The importance of a disaster recovery plan (DRP)

Companies that have suffered a significant loss of data, 43% never reopens, while 29% closes after two years [1]. Computer systems are being increasingly critical and a service downtime of several hours or days directly become in very important economic impact.
Studies with a more holistic approach conclude that for every  1€ of investment in a pre-disaster plan it can mean a saving of 4€  in the response and recovery in the event that it happens [2].
Most SMBs do not have a disaster recovery plan and it is estimated that 25% of them do not reopen after a major disaster.
We will share with you an interesting article where you can deepen more on the subject:

Setup Nagios Server with
nsca-ng for DRLM

One of the methods of error reporting with DRLM is nsca-ng, there is a sample configuration on http://docs.drlm.org/en/latest/ErrorReporting.html . In this document we cover the configuration Nagios Server with nsca-ng and also DRLM Server configuration to monitor errors from DRLM Server when running backups.

Of course we assume you have a Nagios Server configured and a DRLM Server

if not, don’t worry, just take a look on the next links

How to install DRLM

How to install NAGIOS

DRLM Server configuration

Install nsca-ng-client package

$ apt install nsca-ng-client

Set up config files

At least 2 files must be configured, in thes example we’re using 3, default.conf has the default values that can be overwritten in local.conf

/usr/share/drlm/conf/default.conf

# REPORT_TYPE=nagios
# NAGIOS VARIABLES
#
# These are default values and can be overwritten in local.conf according to your NAGIOS installation and configuration.
#

NAGCMD="/usr/sbin/send_nsca"
NAGSVC="DRLM"
NAGHOST="$HOSTNAME"
NAGCONF="/etc/drlm/alerts/nagios.cfg"

Note

Keep an eye on this variable NAGSVC . We’re going to use it on the Nagios server side as a service description it must match.

/etc/drlm/local.conf

NAGSVC="DRLM_Backup"

Note

As you can see this varible was defined previously on default.conf , it is just to show you than it can be overwritten with the /etc/drlm/local.conf file, so if you want, you can dismiss this step.

/etc/drlm/alerts/nagios.cfg

#### DRLM (Disaster Recovery Linux Manager) Nagios error reporting sample configuration file.
#### Default: /etc/drlm/alerts/nagios.cfg

### identity = <string>
#   Send  the  specified  client identity to the server.
#   By default, localhost will be used.

identity = "DRLM"

### server = <string>
#   Connect and talk to the specified server address or hostname.
#   The  default server is "localhost".

server = "Cervell"

### port = <string>
#   Connect  to  the  specified  service  name or port number on the
#   server instead of using the default port (5668).

port = 5668
password = "change-me"

Where:

  • DRLM: Is the name of the DRLM Server
  • Cervell: Is the name of the Nagios Server
  • port: Is the port where the Nagios Server is listening
  • password: Is the default password on the nsca-ng-server

Nagios Server configuration

Once the DRLM Server has been configured we’ll set up the Nagios Server.

Install required packages

$ apt install nsca-ng-server

Set up nsca-ng config files

/etc/nsca-ng/nsca-ng.cfg

command_file = "/usr/local/nagios/var/rw/nagios.cmd"

listen = "Cervell" # only listen on localhost.
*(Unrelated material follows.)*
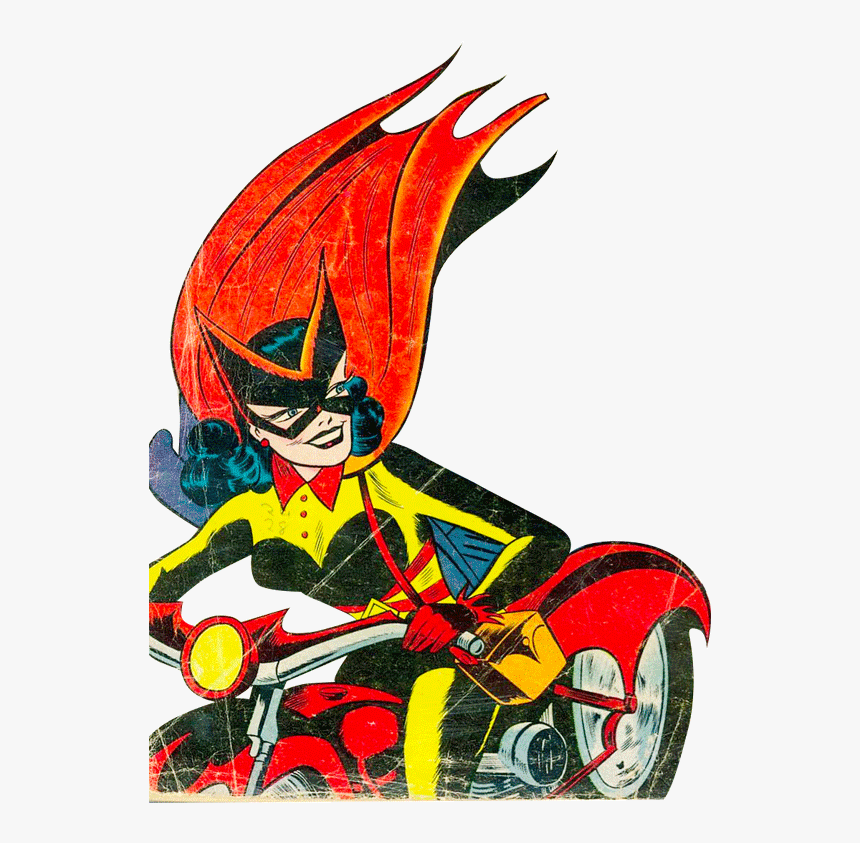 Golden Age Batgirl Comics, HD Png Download, Free Download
If you use systemd this
                          # this option is overriden by the
                          # nsca-ng-server.socket file.

user = "nagios" # run as user nagios
pid_file = "/var/run/nsca-ng/nsca-ng.pid" # pid file for nsca-ng

include(/etc/nsca-ng/nsca-ng.local.cfg)

authorize "*" {
   password = "change-me"
   #
   # The original NSCA server permits all authenticated clients to submit
   # arbitrary check results.  To get this behaviour, enable the following
   # lines:
   #
           hosts = ".*"
           services = ".*"
}

Note

This config file has been reduced to only the minimum requirements , if you want to see all options check the original file /etc/nsca-ng/nsca-ng.cfg

/lib/systemd/system/nsca-ng-server.socket

[Unit]
Description=NSCA-ng Socket
Documentation=man:nsca-ng(8) man:nsca-ng.cfg(5)

[Socket]
ListenStream=5668
#BindIPv6Only=both

[Install]
WantedBy=sockets.target

Start nsca-ng-server service

$ systemctl start nsca-ng-server
  • Check the status of the service
$ systemctl status nsca-ng-server
● nsca-ng-server.service - Monitoring Command Acceptor
   Loaded: loaded (/lib/systemd/system/nsca-ng-server.service; static)
   Active: active (running) since Fri 2017-02-17 18:35:46 CET; 5s ago
     Docs: man:nsca-ng(8)
           man:nsca-ng.cfg(5)
 Main PID: 14495 (nsca-ng)
   CGroup: /system.slice/nsca-ng-server.service
           └─14495 /usr/sbin/nsca-ng -c /etc/nsca-ng/nsca-ng.cfg

Feb 17 18:35:46 cervell nsca-ng[14495]: Ignoring `-b'/`listen' when socket activated
Feb 17 18:35:46 cervell nsca-ng[14495]: nsca-ng 1.4 (OpenSSL 1.0.1t, libev 4.15 with epoll) starting up

Nagios Config files

For this kind of configuration we’re using passive checks, the error notification is set for a limited time using the variable freshness_threshold. It’s importatnt to setup the notifications in order to receibe an email in case of error , if not you could miss it.

  • Add a new service on

/usr/local/nagios/etc/objects/templates.cfg

define service{
       name passive_service
       active_checks_enabled 0
       passive_checks_enabled 1 # We want only passive checking
       flap_detection_enabled 0
       register 0 # This is a template, not a real service
       is_volatile 0
       check_period 24x7
       max_check_attempts 1
       normal_check_interval 5
       retry_check_interval 1
       check_freshness 1
       freshness_threshold                     600
       contact_groups admins
       check_command check_dummy!0
       notifications_enabled           1                       ; Service notifications are enabled
       notification_interval 10
       notification_period 24x7
       notification_options w,u,c,r
       stalking_options w,c,u
       }
  • Add the DRLM Server on a hostgroup

/usr/local/nagios/etc/object/hostgroup.cfg

define hostgroup {
      hostgroup_name  Krbulan-Servers
      alias           Servidors Test
      members         DRLM
      }
  • Add a new check

/usr/local/nagios/etc/object/commands.cfg

#NSCA-ng Command
define command{
        command_name check_dummy
        command_line $USER1$/check_dummy $ARG1$
       }
  • Define the host and service

/usr/local/nagios/etc/object/DRLM.cfg

define host{
           use Host-krbulan
           host_name DRLM
           hostgroups  Krbulan-Servers
           alias DRLM
           address 192.168.7.9
           }

define service{
           use passive_service
           service_description DRLM_Backup
           host_name DRLM
           notifications_enabled           1
           }

Warning

service_description has to match with the variable NAGSVC before configured on the DRLM server.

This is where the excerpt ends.